Bomen vormen een andere, extra hindernis. De Maatschappij Helenaveen heeft als eigenaar van de wegen en lanen overal daarlangs bomen geplant. Bij kruisingen en splitsingen moeten die door de Nederlandse soldaten worden omgehakt of op een aantal punten neergehaald worden met dynamiet, zoals bij het begin van de weg naar Liessel. De bomen mogen niet op de Koolweg tussen de Sevenumseweg en de Geldersestraat neerkomen. Dat weggedeelte dient open te blijven voor het verkeer. Wachtmeester Van ’t Schip meldt voor het verdedigingsvak zuidelijk van Helenaveen: Om 9.00 uur zijn de asperges in den weg geplaatst en de boomen gesprongen. De takken werden echter niet voldoende verwijderd, wat later een groot nadeel bleek, omdat ’t zicht op den weg niet vrij was.
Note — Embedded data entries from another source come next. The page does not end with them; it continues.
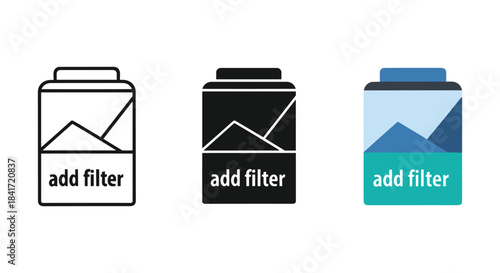 Add filter photo processing icon vector symbol illustration for image editing and digital manipulation.
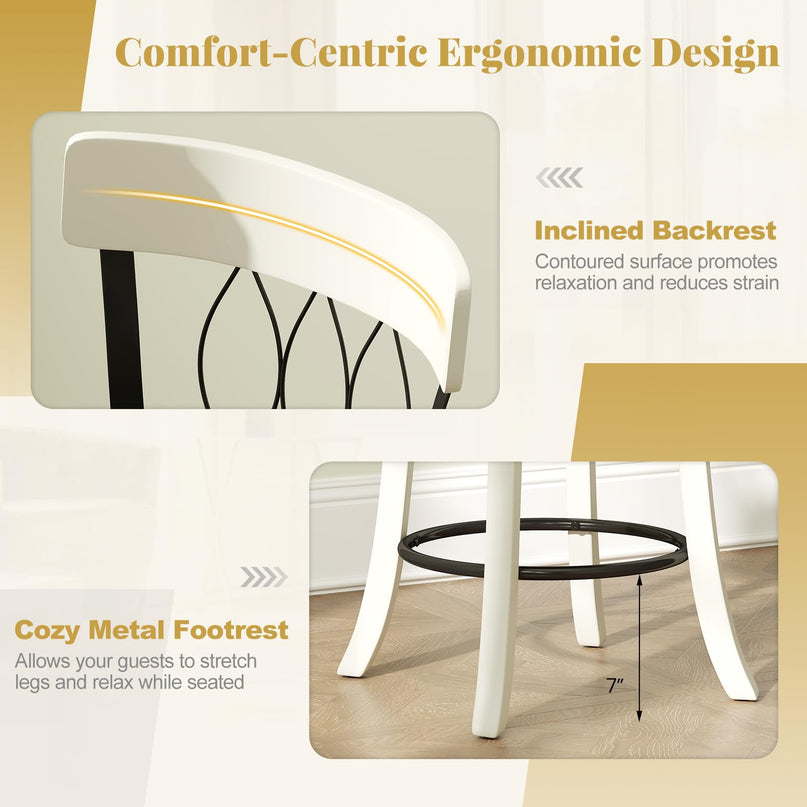 Giantex Bar Stools Set of 2/4 with Footrest for Kitchen Island & Pub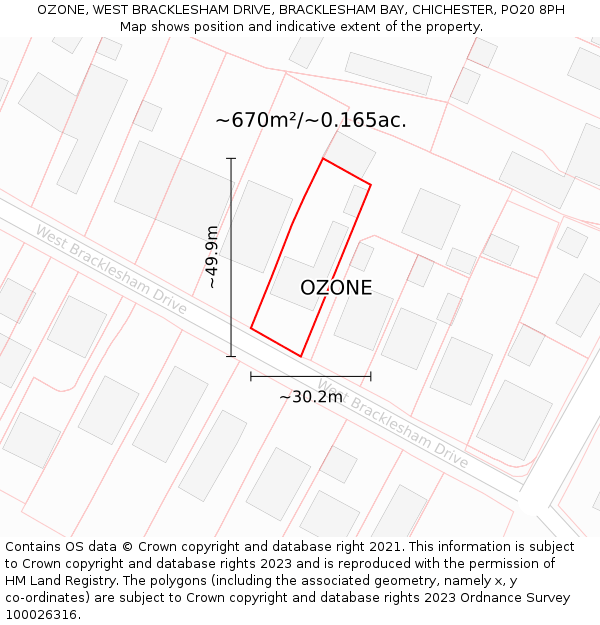 OZONE, WEST BRACKLESHAM DRIVE, BRACKLESHAM BAY, CHICHESTER, PO20 8PH: Plot and title map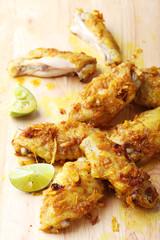 chicken wings roasted with turmeric and herbs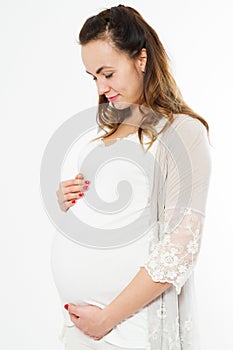 Pregnancy, motherhood, people and expectation concept, happy pregnant woman on white background,happy event,birth of a child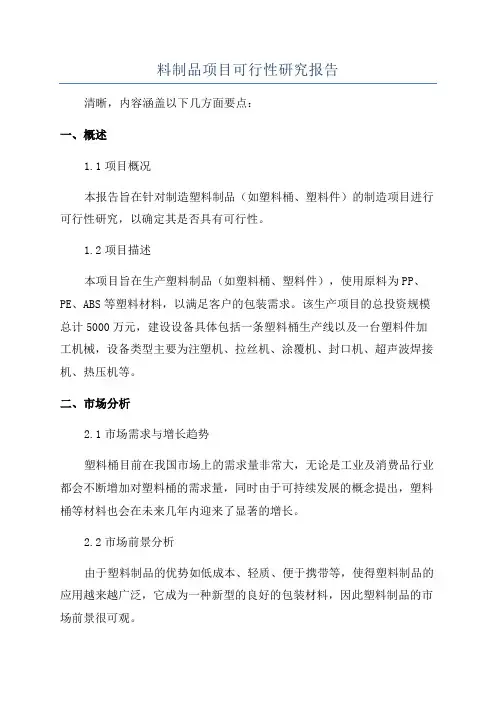 料制品项目可行性研究报告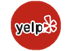 Yelp logo: white “yelp” text and burst icon on a red circle background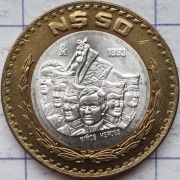 Meksyk 50 nowych pesos 1993 rdzeń ze srebra .925 (1/2 oz Ag)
Prikkeldraadafrasteringen en twee mijnenvelden completeren de voorverdediging in Helenaveen. Het ene mijnenveld (M9) met 130 mijnen is aangelegd op Limburgs grondgebied tegen de weg naar Sevenum bij kazemat 201. Het andere (M8) telt 70 mijnen op de drietip aan de Helenavaart bij de weg naar Grashoek.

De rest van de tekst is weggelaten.